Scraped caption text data
_ _ _
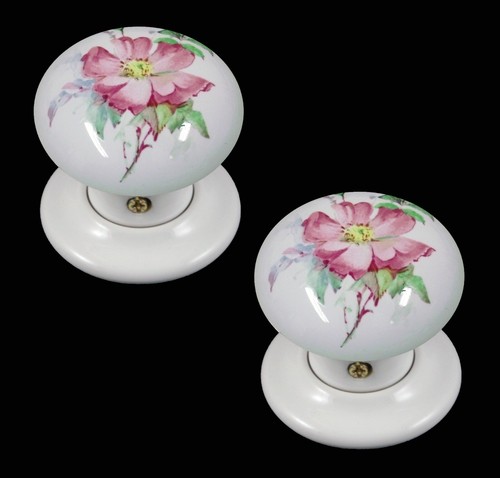 Ceramic door knob - set, white
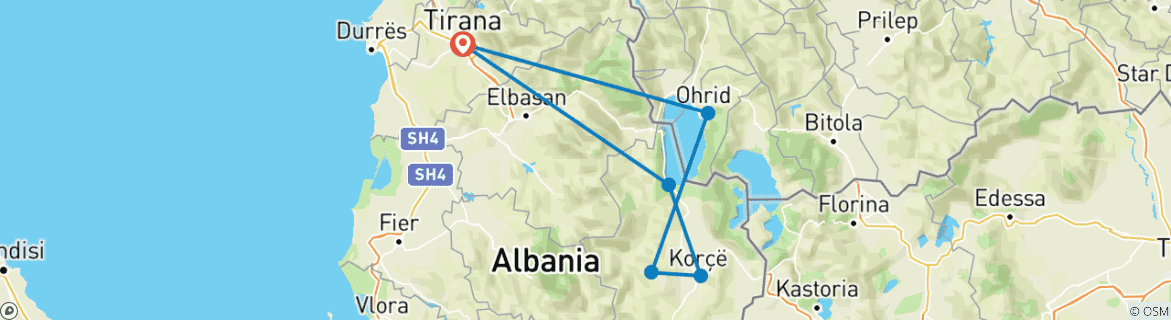 Image d'une carte montrant l'itinéraire du circuit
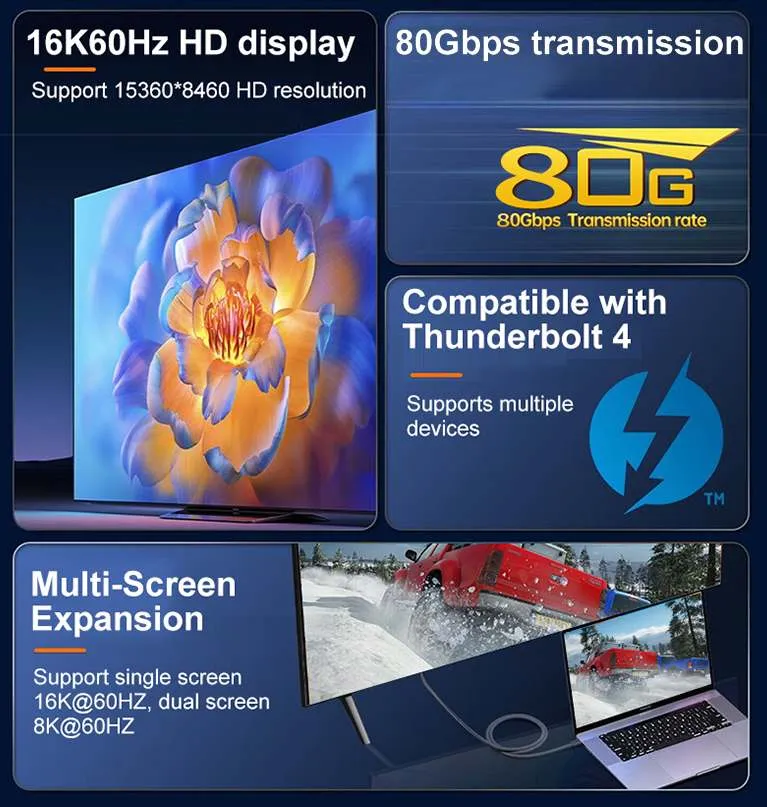 PremiumCord USB4 Version2.0 80Gbps 16K@60Hz 240W Thunderbolt 3 a 4 kabel zahnutý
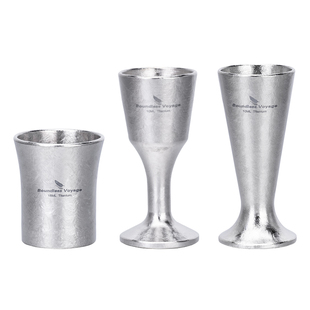 必唯纯钛迷你白酒小酒杯轻量便携单层10ml高档杯子中式小号加厚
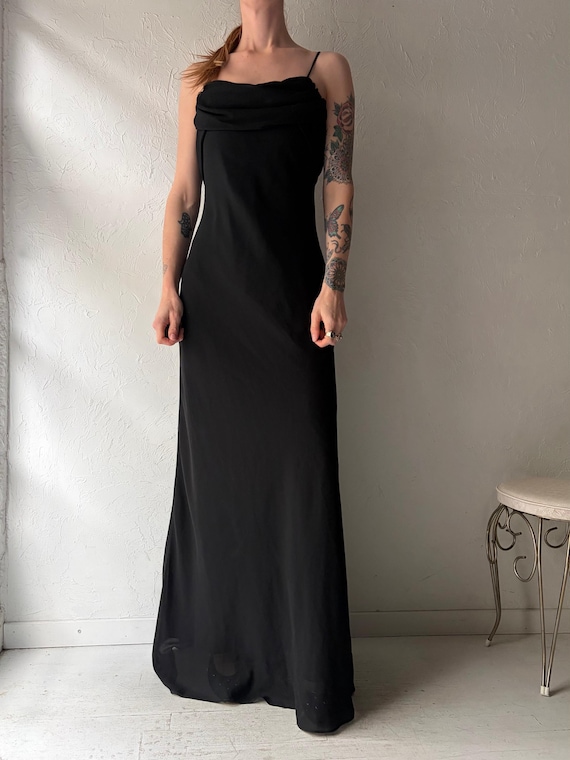 open lace back dress Cowl-Neck Open-Back Satin Long Prom Dress with Slit– PromGirl main image 1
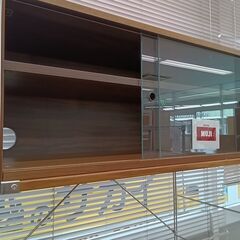 リユースのサカイ栃木店★ジモティ割あり★ 無印良品 食器棚 ブラウン W84×D40×H175.5 クリーニング済み TC10233の画像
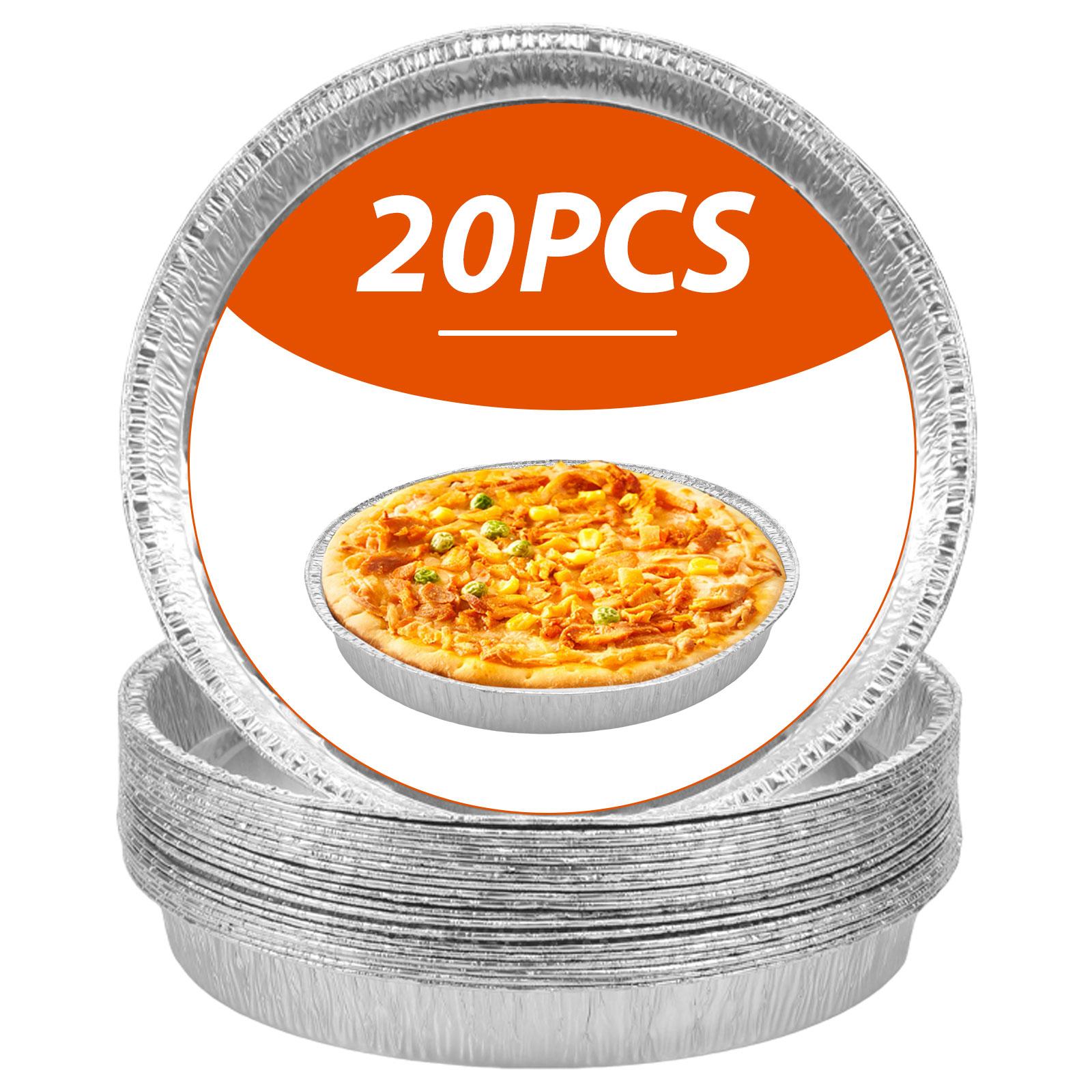 20Pcs Pizza Pan Aluminum Foil Trays 10/12 Inch Round Pizza Pan Aluminum Foil Bakeware Tray Oven Disposable Foil Food Container
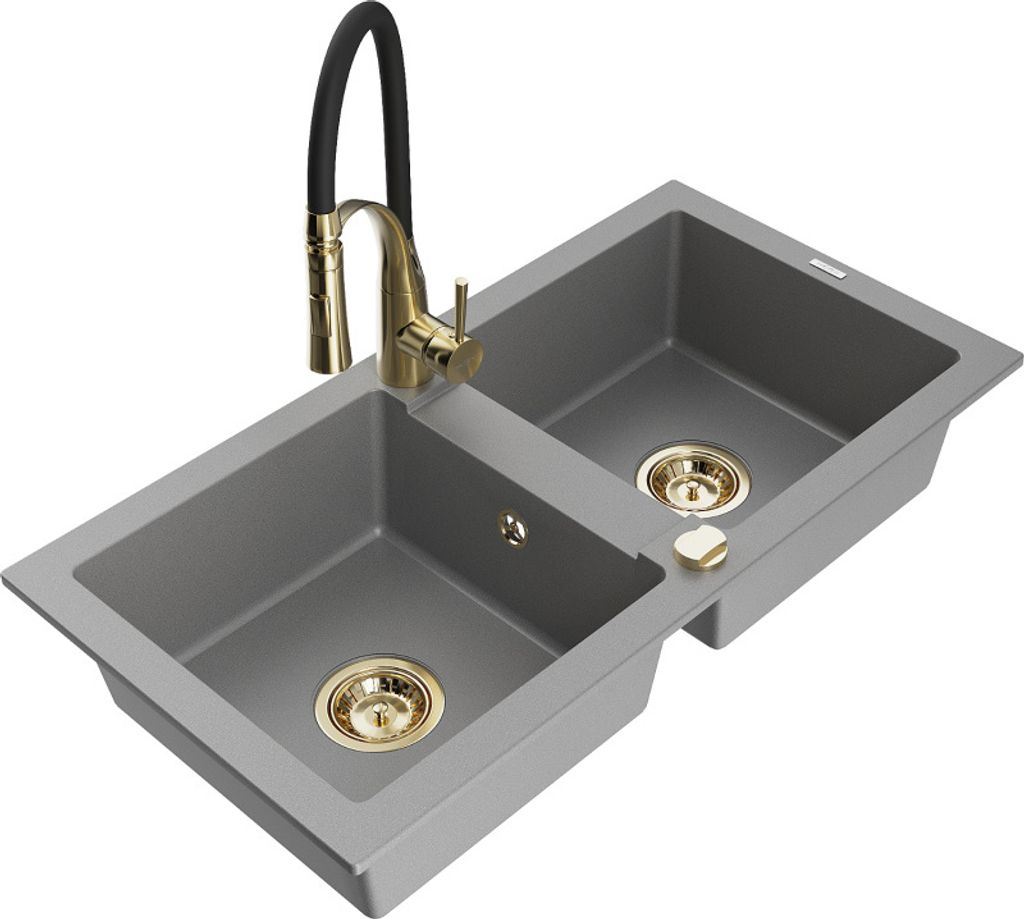 Mexen Mario 2-Becken-Granitspüle mit Mischbatterie Aster, Grau - 6504-71-73450-57-G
_ _ _
• Activity: The required output is an exact copy of the lines from the one with "open lace back" through the final line of the data above, with pictures removed.

• Written response:
 open lace back dress Cowl-Neck Open-Back Satin Long Prom Dress with Slit– PromGirl main image 1
 リユースのサカイ栃木店★ジモティ割あり★ 無印良品 食器棚 ブラウン W84×D40×H175.5 クリーニング済み TC10233の画像
 20Pcs Pizza Pan Aluminum Foil Trays 10/12 Inch Round Pizza Pan Aluminum Foil Bakeware Tray Oven Disposable Foil Food Container
 Mexen Mario 2-Becken-Granitspüle mit Mischbatterie Aster, Grau - 6504-71-73450-57-G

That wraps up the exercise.